Remedial Design Stability Analysis, San Francisco Bay, California — Implemented a field and desktop study to evaluate efficacy of remedial alternatives for a submerged, contaminated dock area. Sediment containing chemicals from commercial activities in the early twentieth century was at risk of redistribution from local hydrodynamic and wave forces. Remedial activities including the installation of a protective sediment cap were evaluated by first collecting hydrodynamic and wave measurements and then executing a coupled numerical model to simulate local bed forces. Proposed changes were implemented in the model to determine expected maximum forces to use in cap design. A 1-dimensional erosion model representing the proposed multilayer cap design was used to evaluate stability relative to expected design conditions. Post-installation monitoring indicates remedy is stable 5+ years after completion.

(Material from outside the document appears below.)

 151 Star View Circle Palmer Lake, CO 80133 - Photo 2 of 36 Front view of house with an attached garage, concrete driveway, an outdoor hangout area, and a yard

Sediment and Contaminant Fate and Transport Modeling, San Francisco Bay — Supporting San Francisco Estuary Institute’s ongoing evaluation of PCBs in San Francisco Bay through the application and interpretation of sediment fate and transport models. Results from the models allow better understanding of the methods, processes, and conditions by which persistent chemicals distribute from the watersheds through the bay margins and into the bay. The suite of models connects watershed loads, tidal circulation patterns, and sediment processes to determine the fate of PCB-laden sediment and the trajectory of concentration reductions in support of determining total maximum daily loads. Initial efforts, which have been focused on San Leandro Bay, include a combination of modeling, field measurements, and lessons learned that will be leveraged to evaluate the wider San Francisco Bay system.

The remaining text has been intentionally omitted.